ここで「地域医療とは?」いろいろなところで使われる。使う側、受け取る側で意味が違っていることが多い。
プライマリ・ケアの定義
事例。9歳男児。体にブツブツ。水痘。1週間後の運動会に参加できるか。ワクチンの緊急接種ができる。抗ウイルス薬で対応。自宅安静。登校停止。
半年後、父親が来院。40度の発熱、咳。肺炎を疑い胸部Xp,血液検査。XPで肺炎像あり、抗菌薬を処方。
83歳男性。検査実施したところ、大球性貧血、血小板減少が判明。専門医に紹介したところ、MDSであった。半年後、後ろ向きで倒れた。入院時、意識清明。てんかんを疑った。専門医で治療が開始された。幌加内で定期輸血を開始した。右第2,3指の壊死(喫煙中にてんかん発作を起こした。)
プライマリ・ケア医の役割
・日常診療に対応。
・こども、父親、家族も診ている。
・生活背景を知っている。
・アクセスしやすい。
・地域の健康にも関与。
・必要なときには専門医に任せる。
・各専門科の問題を統合して対応。
・これまでの経過を知っている。
・見知った医師がすべてを知っている
最後まで責任を持つ。
講義の途中に、幌加内そば打たん会、野菜作り、山菜取り、スキー、ワカサギ釣り等、田舎の生活の魅力を紹介してくれた。
医者も地域で暮らしている。
・地域の人が支えてくれる。
・こどもは地域に溶け込むきっかけになる。
・プライバシーがないが、守られている。
・お互いの気遣いがある。
・職住一致
3年半年経って感じること:患者さんの顔が見える。
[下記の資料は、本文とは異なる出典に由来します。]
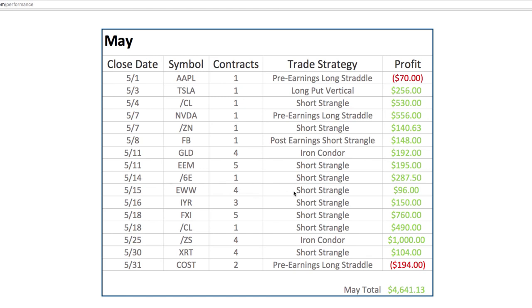Hope that was helpful. Implied volatility is still relatively high in quite a few symbols, which bodes well for the type of trading that we do. We've had some good two-sided action, so continues to be a great time to trade these strategies.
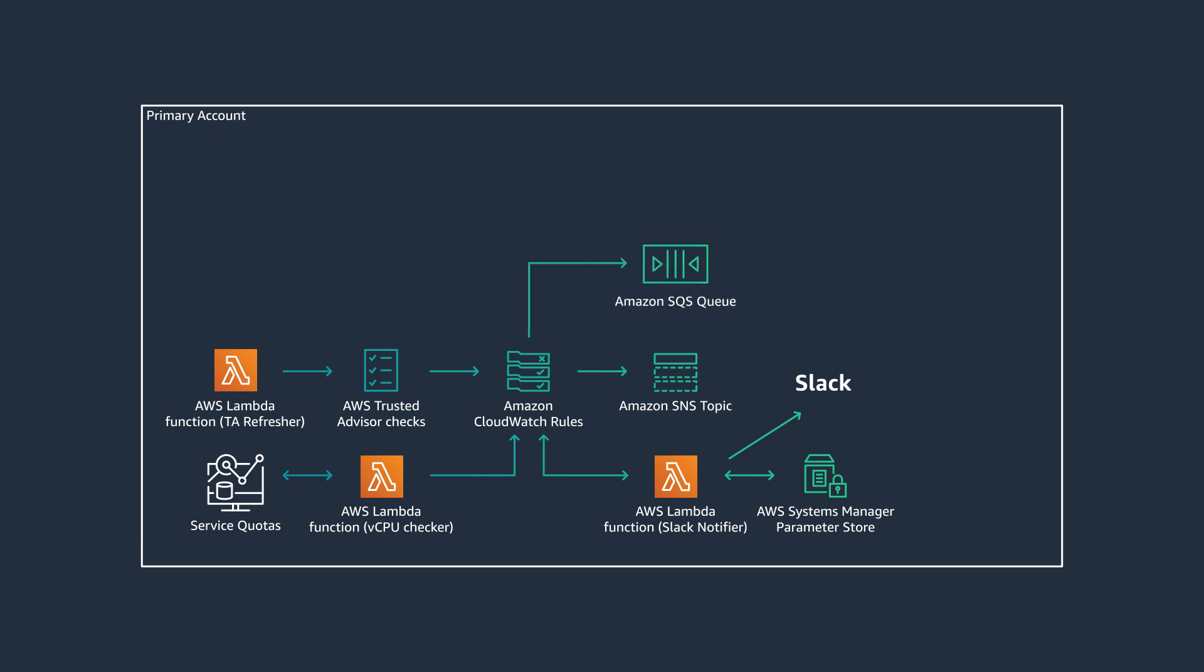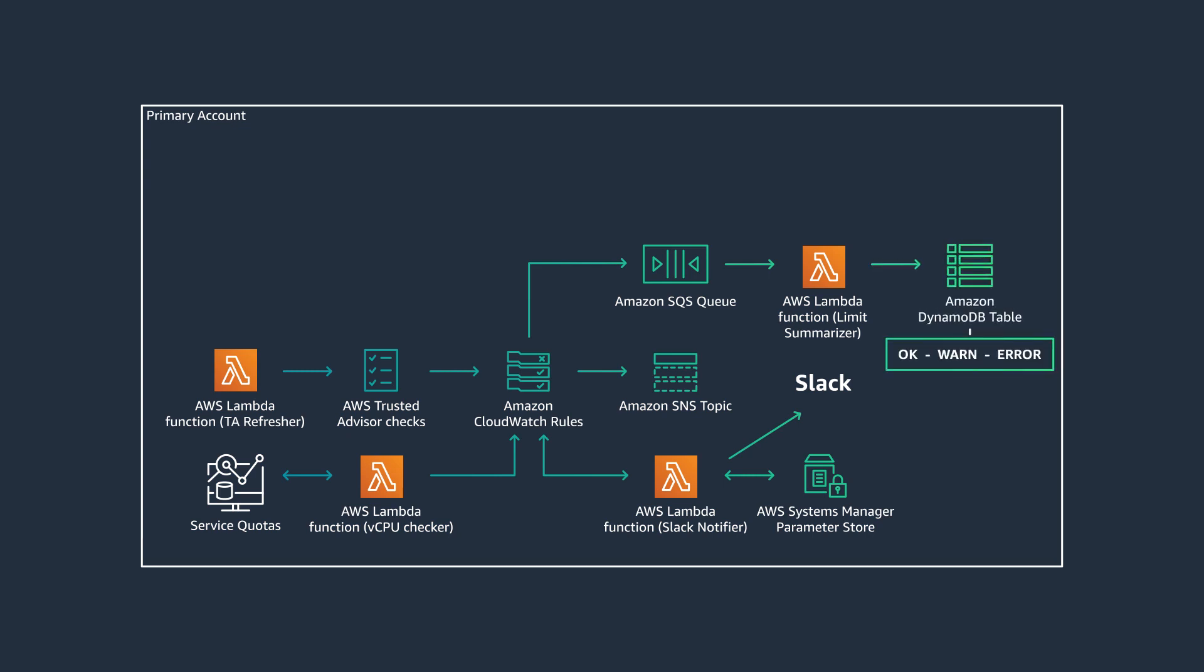Amazon SQS receives all the OK, WARN, and Error status. The Limit Summarizer Lambda function ingests the messages from the queue and stores them onto Amazon DynamoDB table for historical view of all quota-related events in your accounts. The dead letter queue stores all messages that couldn't be read by the Limit Summarizer function.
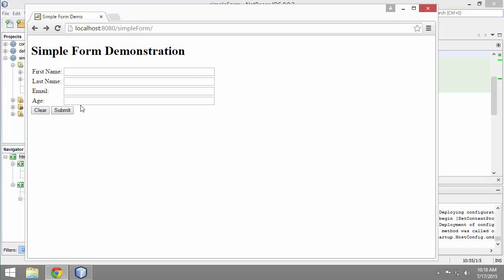So in the last video we just built this really simple form and proved that we had everything working correctly. Now we're gonna tidy it up a little bit and add a little more functionality to it.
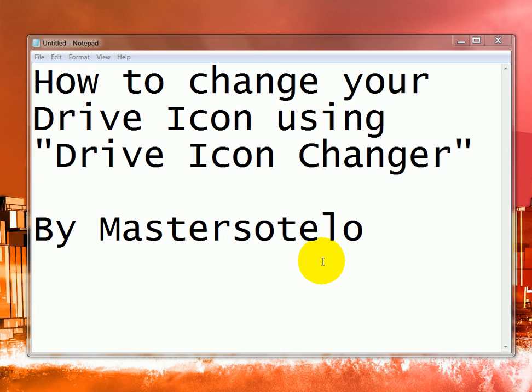Hello and welcome to another tutorial, this is Master Sotelo. Today I will show you how to change your drive icons using the Drive Icon Changer.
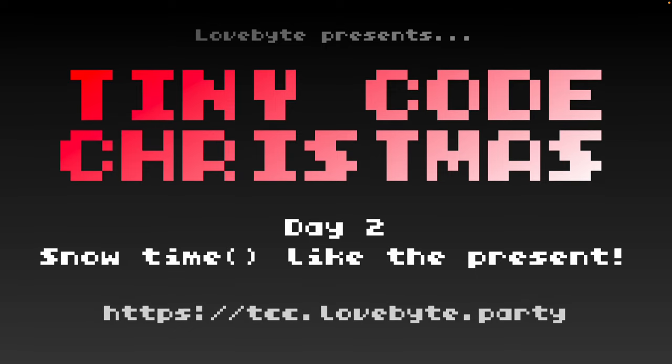Hello and welcome to TinyCode Christmas Day 2, 12 days of size coding and demo scene effects for fantasy consoles. If you've just joined us, don't forget to check out Day 1 and the tcc.lovebite.party website for more information. We're going to start today with Tic80. If you're here for Pico8, you can skip ahead.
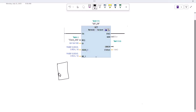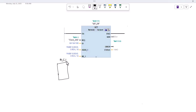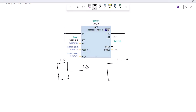These two PLCs are connected in a network. This is PLC1 and over here we have PLC2. Both PLCs are connected through any communication medium, for example an Ethernet communication medium. We call PLC1 the local PLC, while PLC2 is the remote PLC.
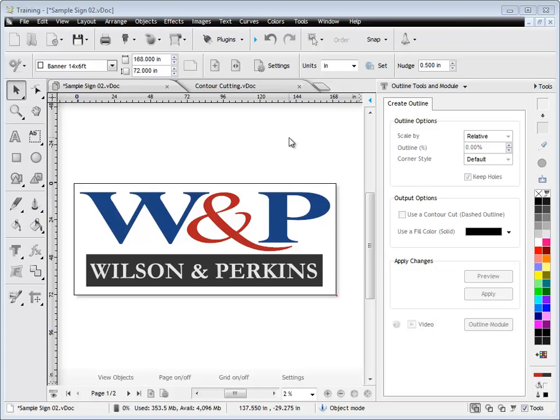In this quick lesson, I'm going to show you how to create an outline using the Create Outline tab from the Outline Tools and Module in the Design Center.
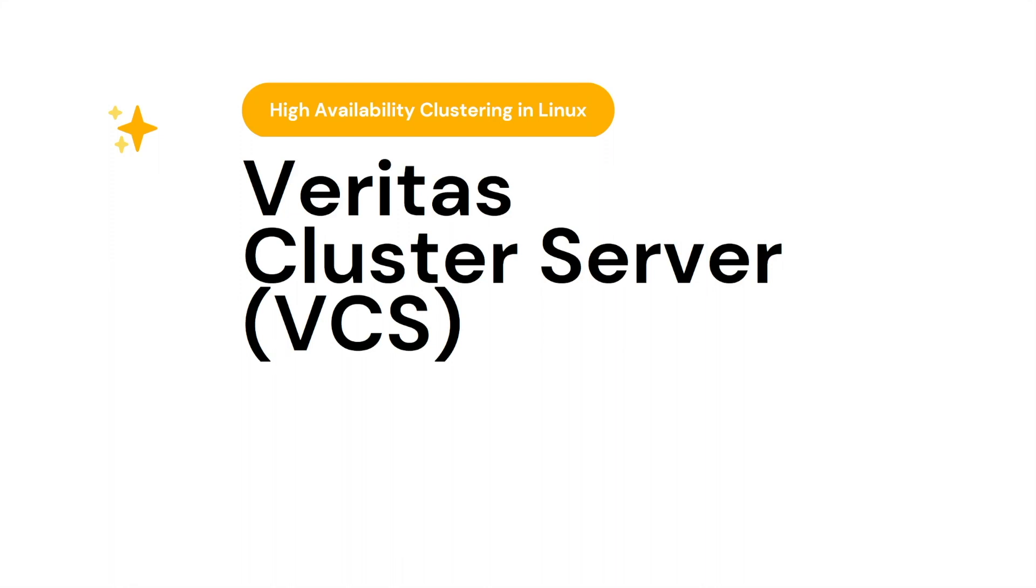Hello and welcome to Veritas Cluster Server administration course. My name is Gurjab and I will be your instructor throughout this course. In this course, we will learn about high availability clustering in Linux using Veritas Cluster Server.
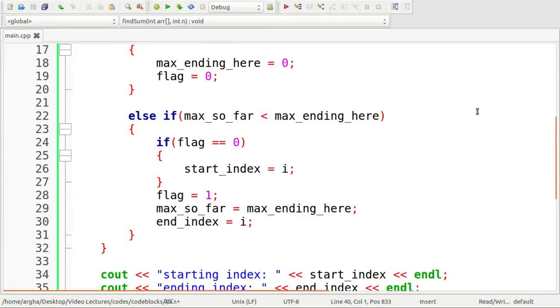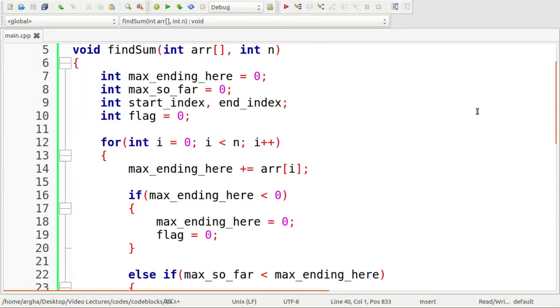This was a very simple example of how we could get the maximum sum of a contiguous subarray from an array which contains both positive and negative integers. Thank you for staying with us. See you next time.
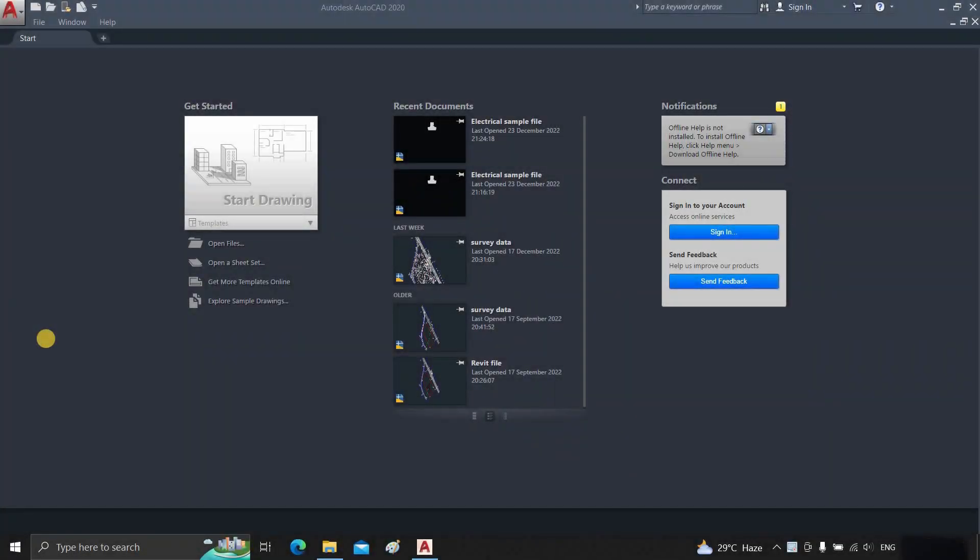The topic for today is how to recover an AutoCAD file. First, open AutoCAD.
保健・福祉・救急の連携がスムース。旭川市が比較的近いので助かっている(高度医療・専門医のありがたみがよくわかる)。外傷が多い。人材不足(医師、看護師、介護士、ヘルパー、給食婦、等)。高齢者の生活(冬をどう過ごすか)。意外と子供が多い。いろいろなことに関わることができる。シンプルに、コンパクトに地域医療を経験することができる。若いうちに是非、経験を!